Caption-style text data
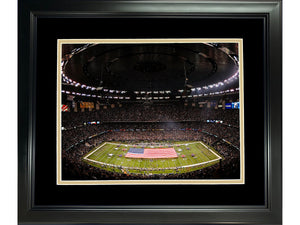 Framed Caesars Superdome New Orleans Saints 11"x14" Football Photo Professionally Matted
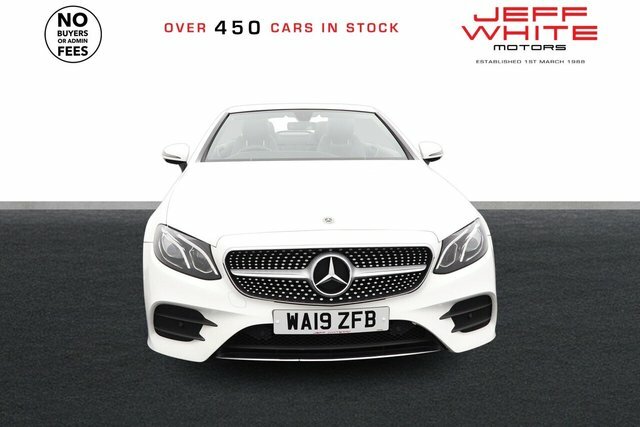 Mercedes-Benz E Class E300 Amg Line Cabriolet White #4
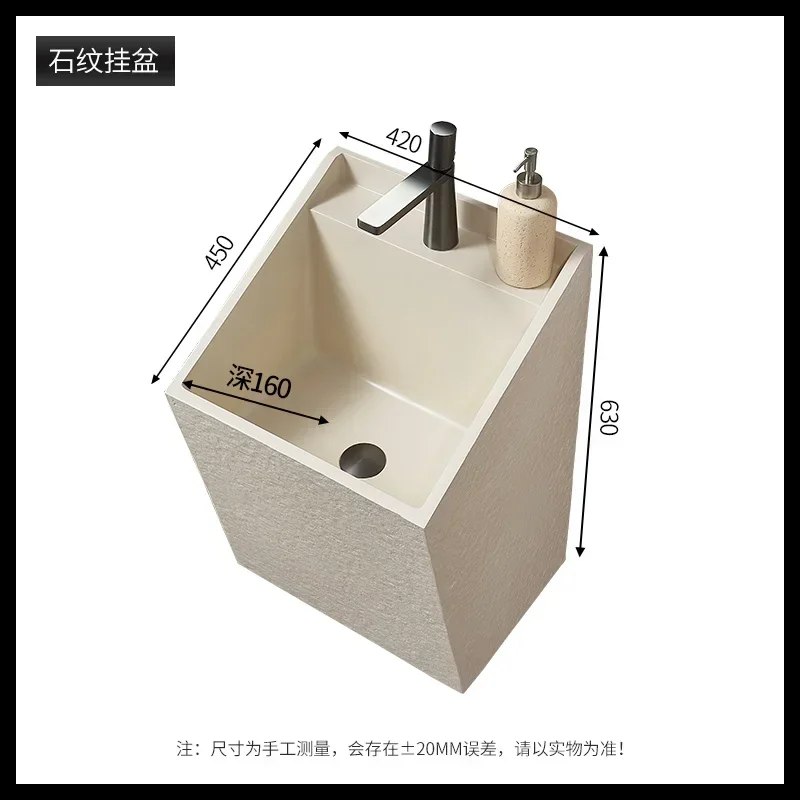 YS5 Wash Basin Artistic Wall-Mounted Bathroom Cabinet Wall-Mounted Small Apartment Washstand
YS5 Wash Basin Artistic Wall-Mounted Bathroom Cabinet Wall-Mounted Small Apartment Washstand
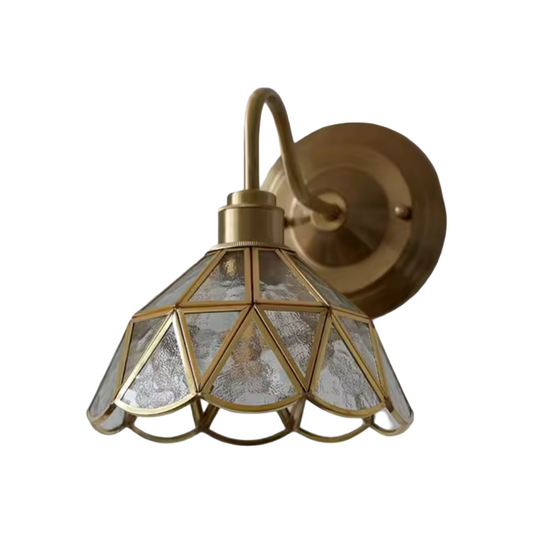 Grace Stained Glass Wall Light - Clear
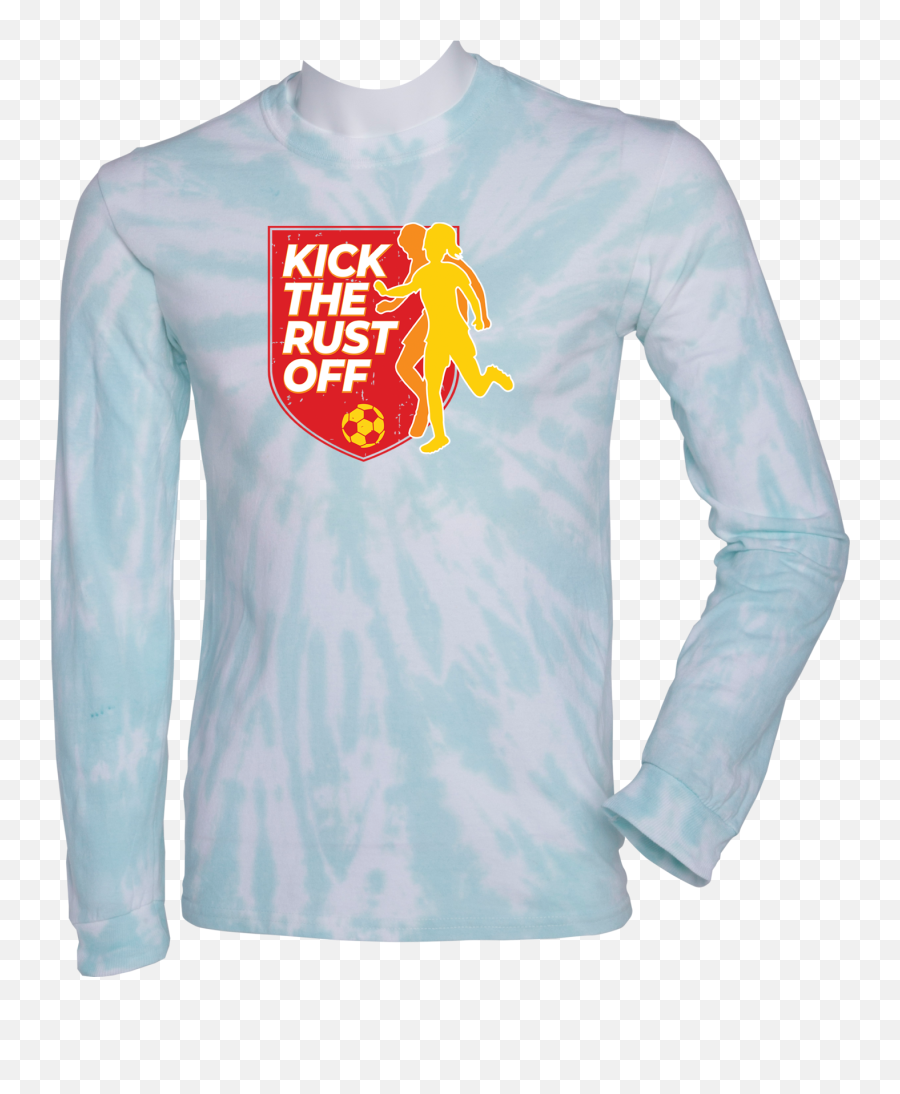 Tie - Dye Long Sleeves 2019 Kick The Rust Off Long Sleeve Soccer Tournament Shirt Png,Rust Png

** Task prompt **
Give an exact copy of the entries, excluding all pictures.

** Result of the exercise **
 Framed Caesars Superdome New Orleans Saints 11"x14" Football Photo Professionally Matted
 Mercedes-Benz E Class E300 Amg Line Cabriolet White #4
 YS5 Wash Basin Artistic Wall-Mounted Bathroom Cabinet Wall-Mounted Small Apartment Washstand
YS5 Wash Basin Artistic Wall-Mounted Bathroom Cabinet Wall-Mounted Small Apartment Washstand
 Grace Stained Glass Wall Light - Clear
 Tie - Dye Long Sleeves 2019 Kick The Rust Off Long Sleeve Soccer Tournament Shirt Png,Rust Png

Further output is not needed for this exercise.